The task ▸
The lines from the top of the material through the line with "Монета. Венесуэла. 100" are to be set down exactly. Leave the pictures out.

===== The data =====

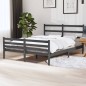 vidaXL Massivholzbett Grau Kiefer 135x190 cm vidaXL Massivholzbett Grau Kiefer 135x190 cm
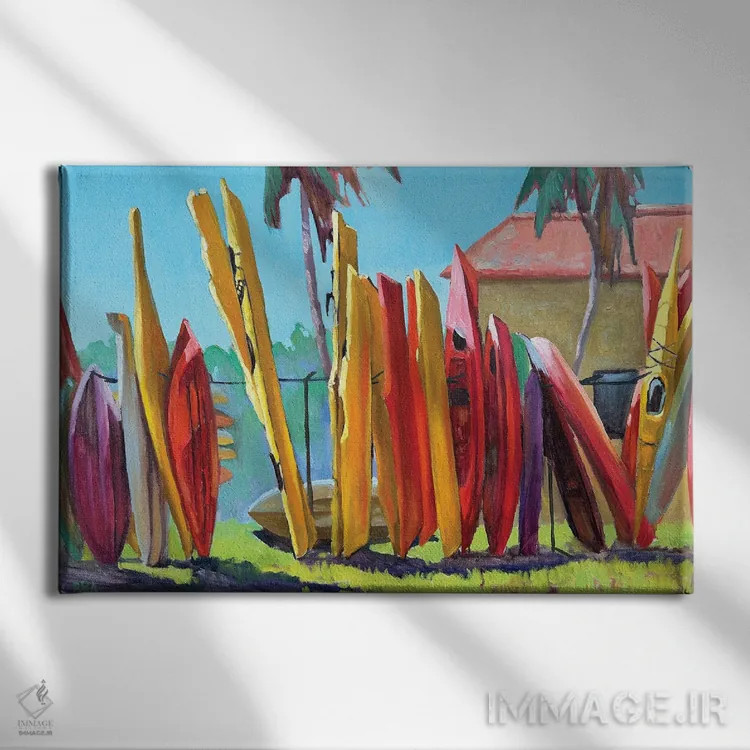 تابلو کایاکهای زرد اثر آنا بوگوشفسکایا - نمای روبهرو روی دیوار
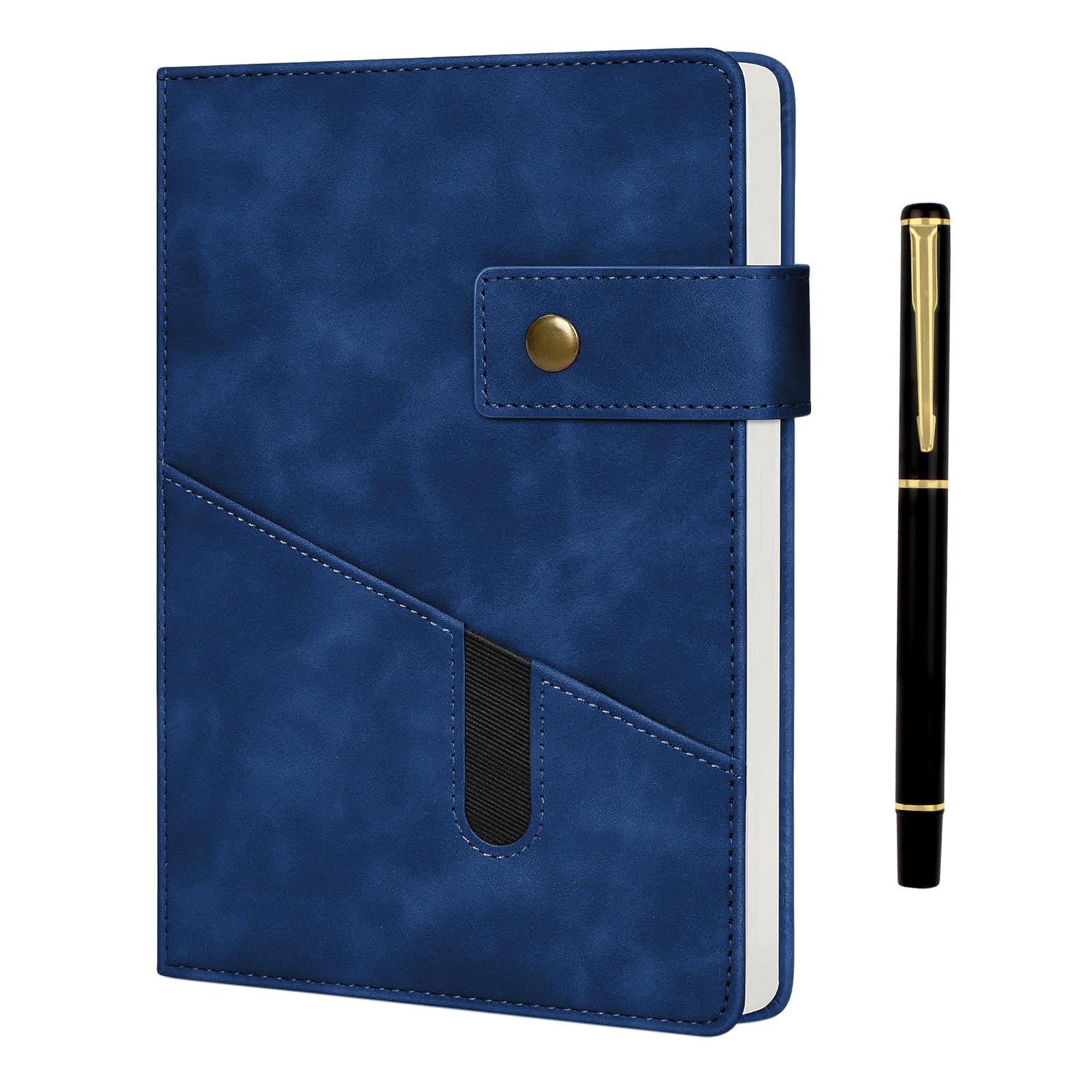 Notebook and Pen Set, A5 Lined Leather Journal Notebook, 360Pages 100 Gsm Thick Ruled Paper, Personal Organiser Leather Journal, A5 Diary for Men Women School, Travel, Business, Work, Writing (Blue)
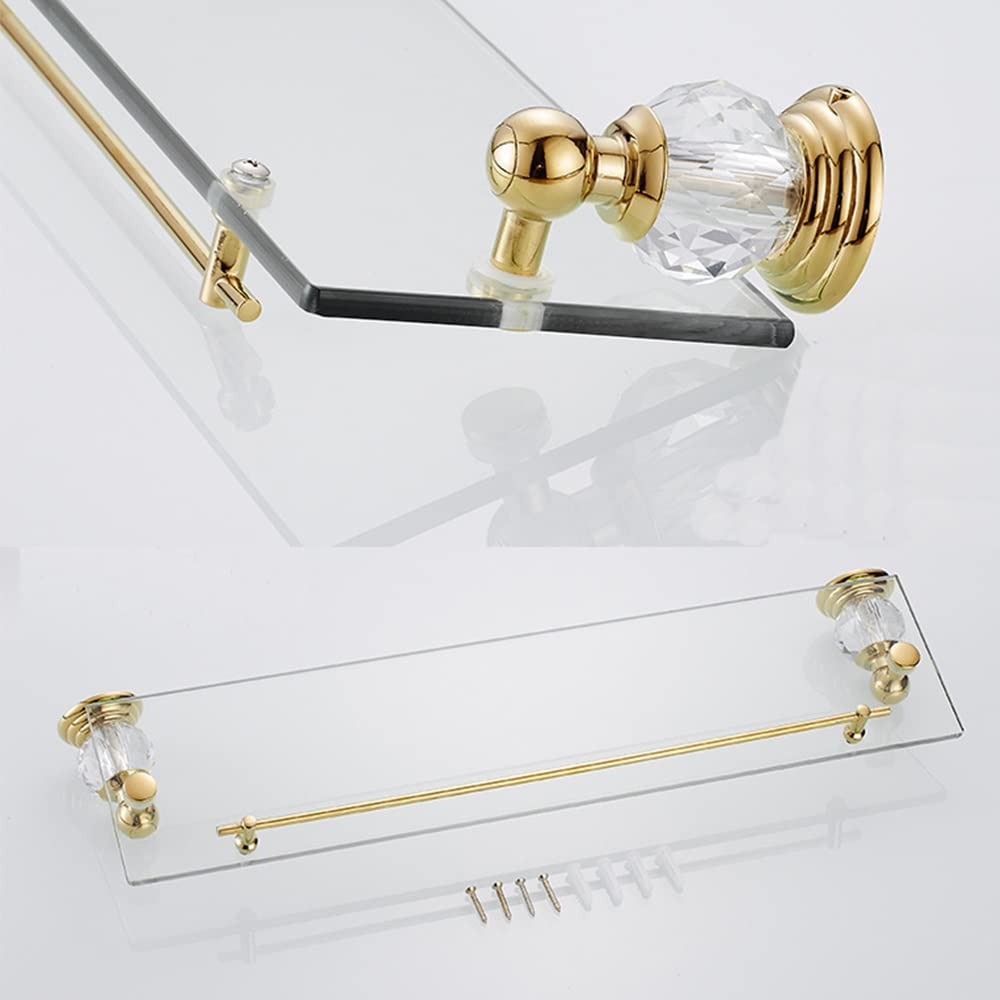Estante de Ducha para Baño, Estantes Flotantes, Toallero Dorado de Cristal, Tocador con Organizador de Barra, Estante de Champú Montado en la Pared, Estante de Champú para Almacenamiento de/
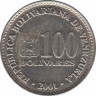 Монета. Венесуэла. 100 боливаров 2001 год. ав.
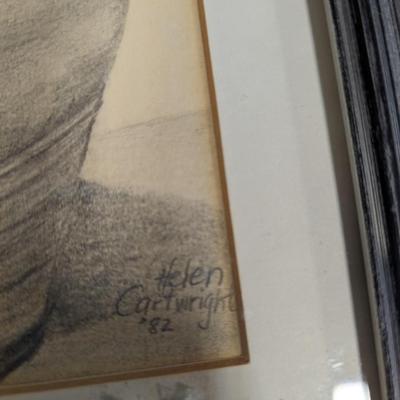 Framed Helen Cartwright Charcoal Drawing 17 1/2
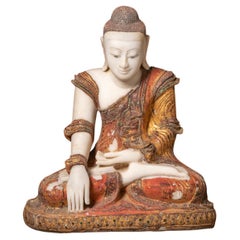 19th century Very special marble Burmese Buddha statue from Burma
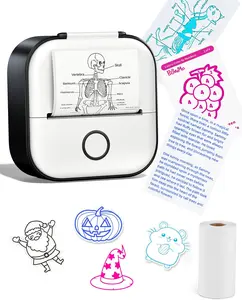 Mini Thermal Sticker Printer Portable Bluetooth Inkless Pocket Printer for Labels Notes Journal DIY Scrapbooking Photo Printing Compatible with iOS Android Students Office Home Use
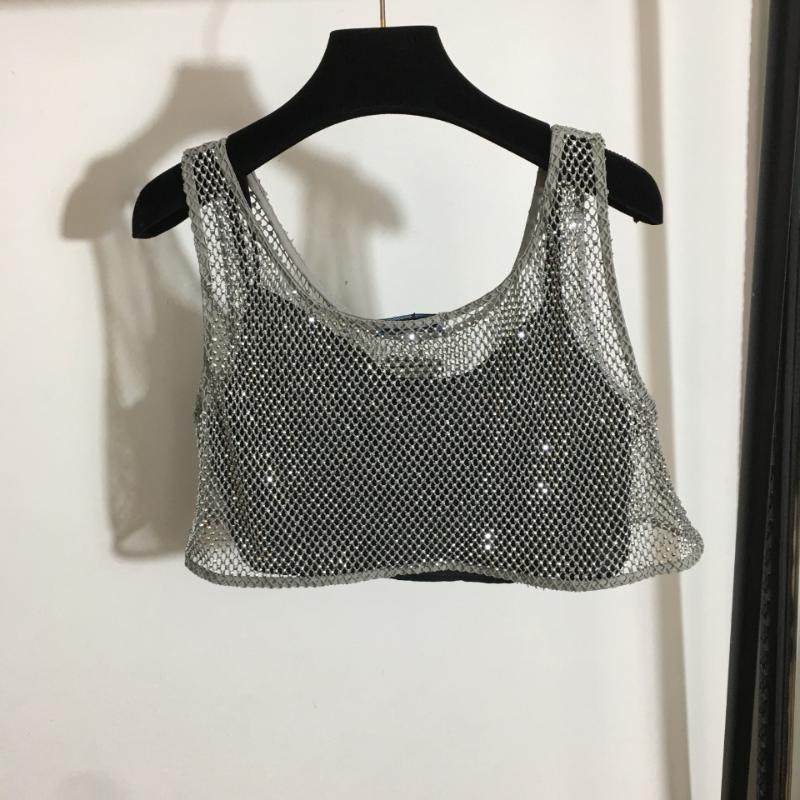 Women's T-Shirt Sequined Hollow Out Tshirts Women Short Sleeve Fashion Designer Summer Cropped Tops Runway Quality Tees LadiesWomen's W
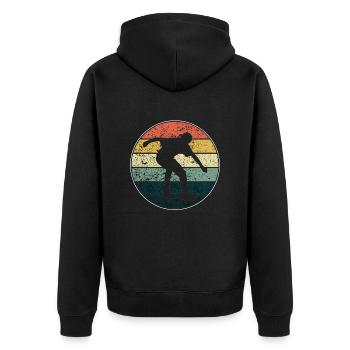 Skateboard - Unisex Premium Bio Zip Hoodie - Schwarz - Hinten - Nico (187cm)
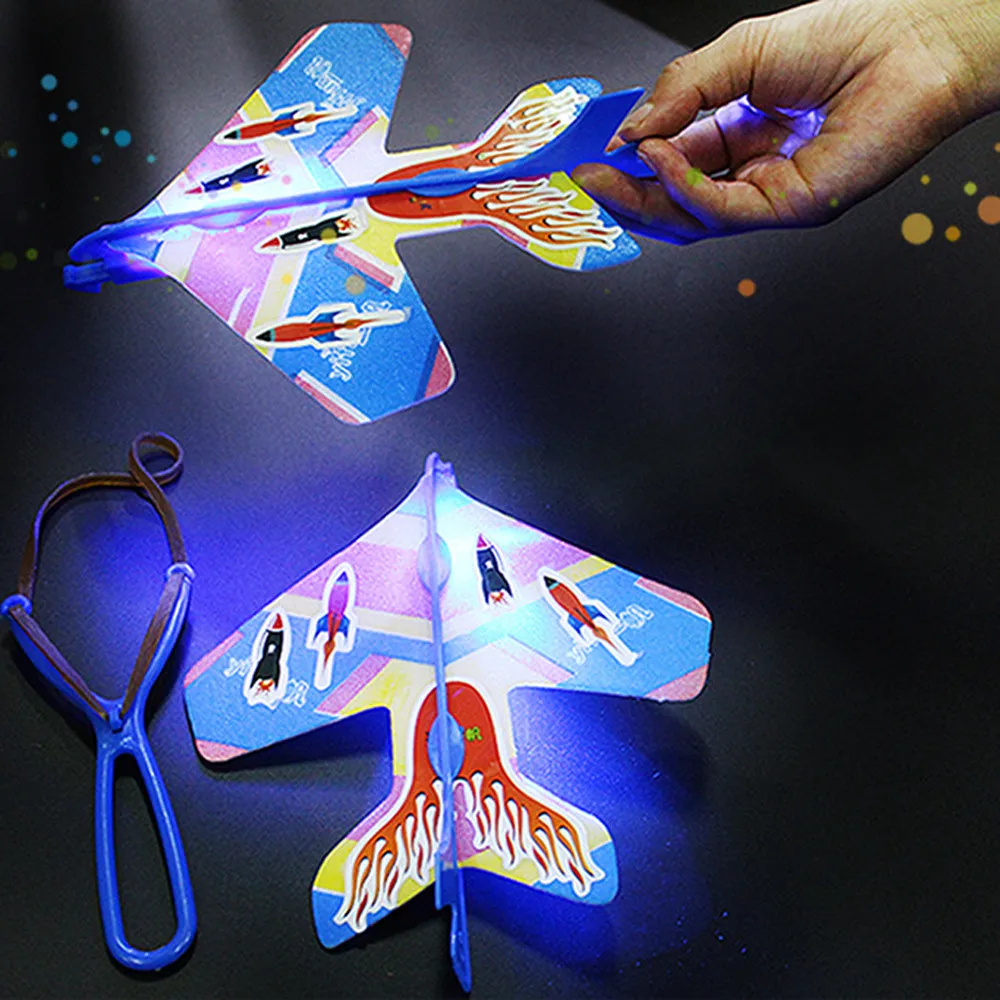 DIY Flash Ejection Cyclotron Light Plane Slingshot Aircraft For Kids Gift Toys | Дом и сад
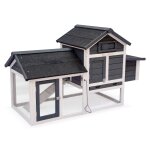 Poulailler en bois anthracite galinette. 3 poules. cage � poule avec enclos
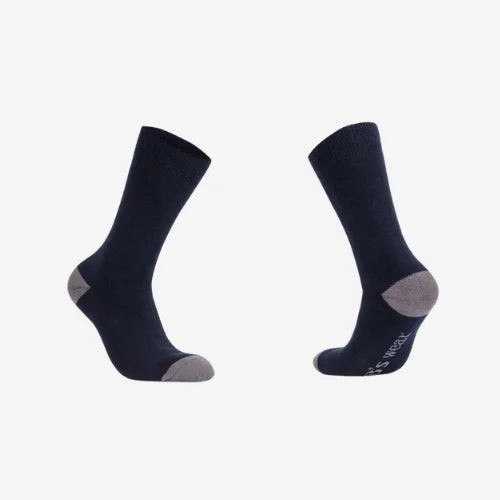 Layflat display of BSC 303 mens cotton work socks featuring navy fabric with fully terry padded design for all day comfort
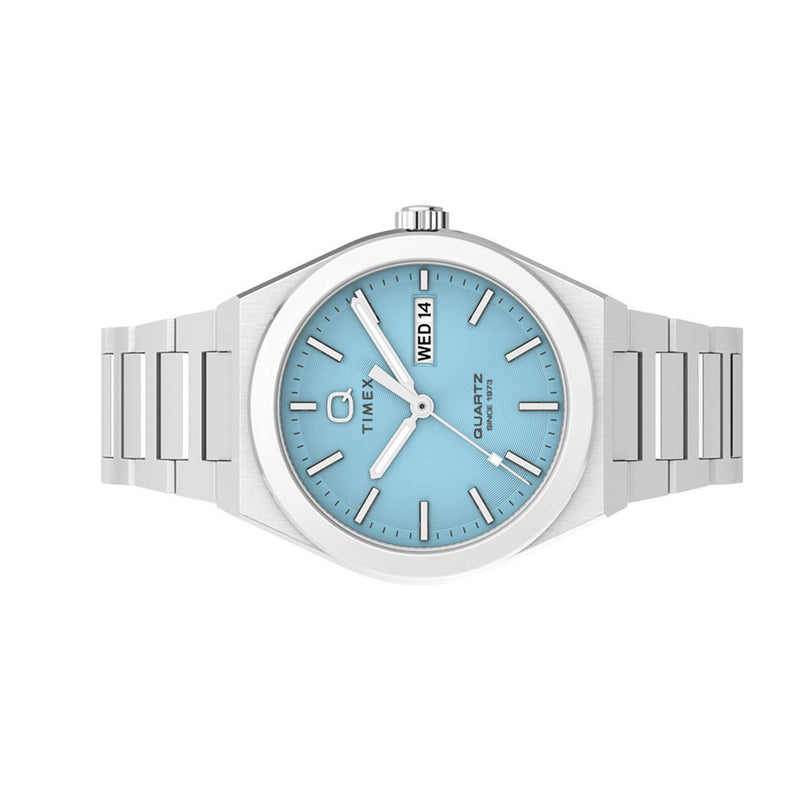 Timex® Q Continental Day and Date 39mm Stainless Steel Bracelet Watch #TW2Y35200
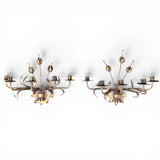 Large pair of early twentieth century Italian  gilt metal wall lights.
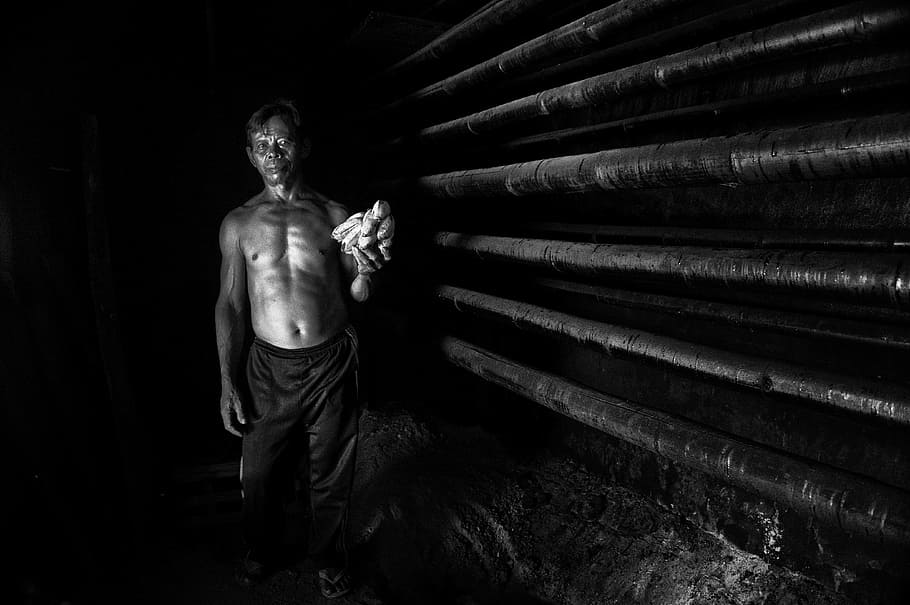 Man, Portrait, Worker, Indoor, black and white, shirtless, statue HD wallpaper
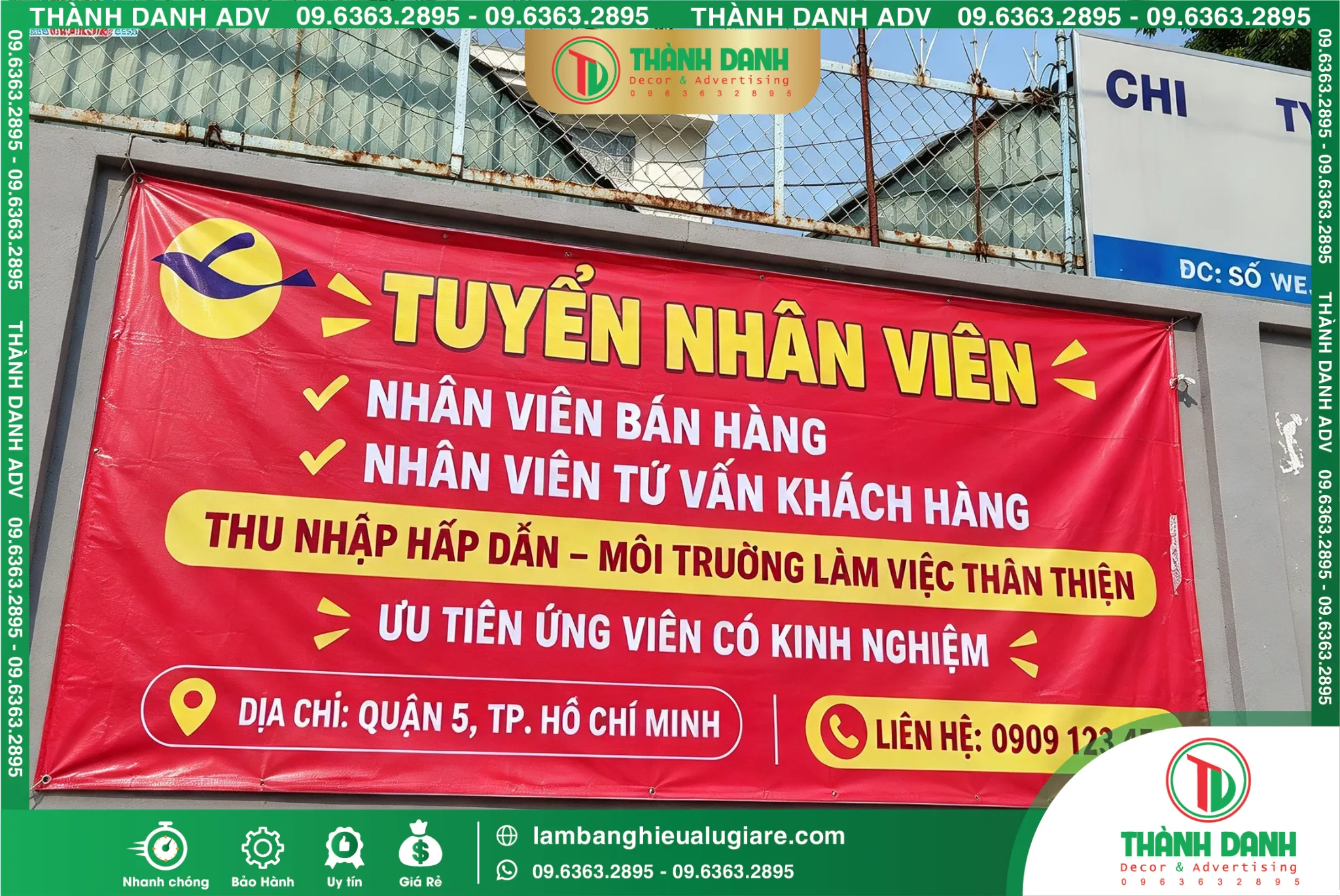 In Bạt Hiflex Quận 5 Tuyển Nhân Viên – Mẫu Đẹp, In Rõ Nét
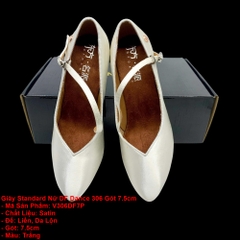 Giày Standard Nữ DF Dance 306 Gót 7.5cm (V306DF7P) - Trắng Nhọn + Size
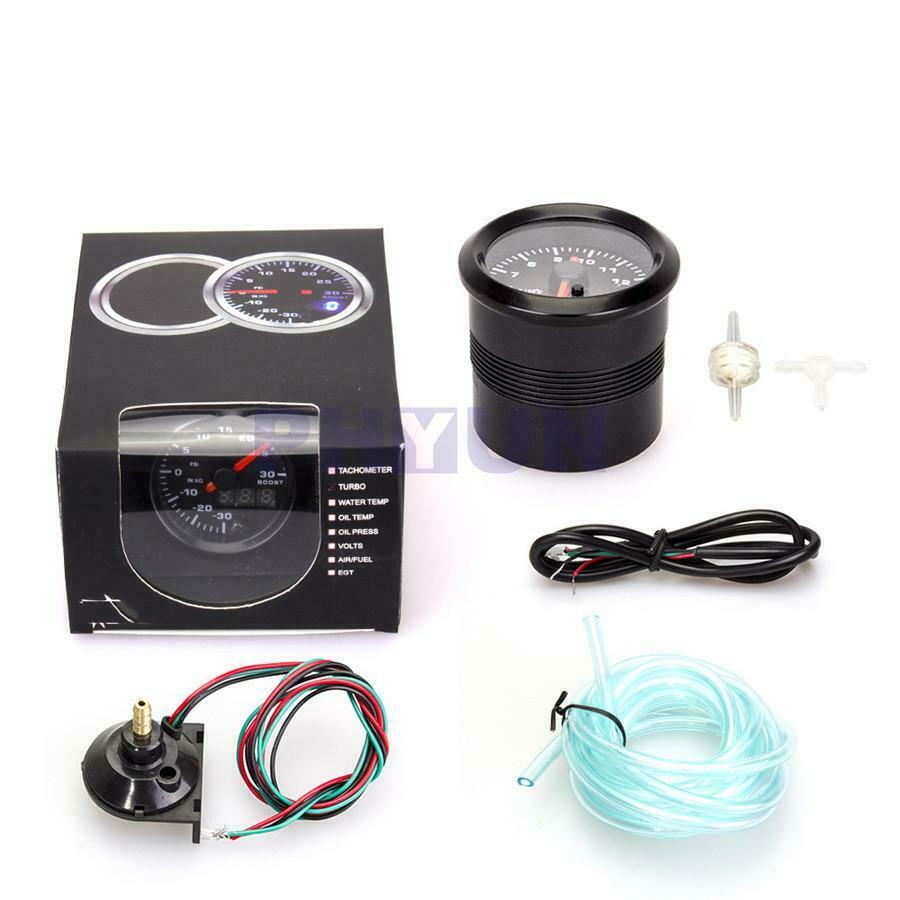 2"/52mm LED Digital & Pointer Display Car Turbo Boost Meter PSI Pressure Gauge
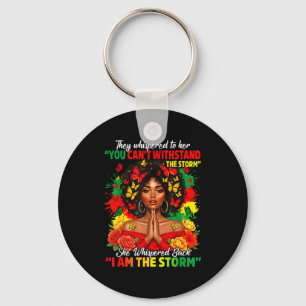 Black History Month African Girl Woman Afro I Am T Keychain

=====

Worked solution ▸
 vidaXL Massivholzbett Grau Kiefer 135x190 cm vidaXL Massivholzbett Grau Kiefer 135x190 cm
 تابلو کایاکهای زرد اثر آنا بوگوشفسکایا - نمای روبهرو روی دیوار
 Notebook and Pen Set, A5 Lined Leather Journal Notebook, 360Pages 100 Gsm Thick Ruled Paper, Personal Organiser Leather Journal, A5 Diary for Men Women School, Travel, Business, Work, Writing (Blue)
Estante de Ducha para Baño, Estantes Flotantes, Toallero Dorado de Cristal, Tocador con Organizador de Barra, Estante de Champú Montado en la Pared, Estante de Champú para Almacenamiento de/
 Монета. Венесуэла. 100 боливаров 2001 год. ав.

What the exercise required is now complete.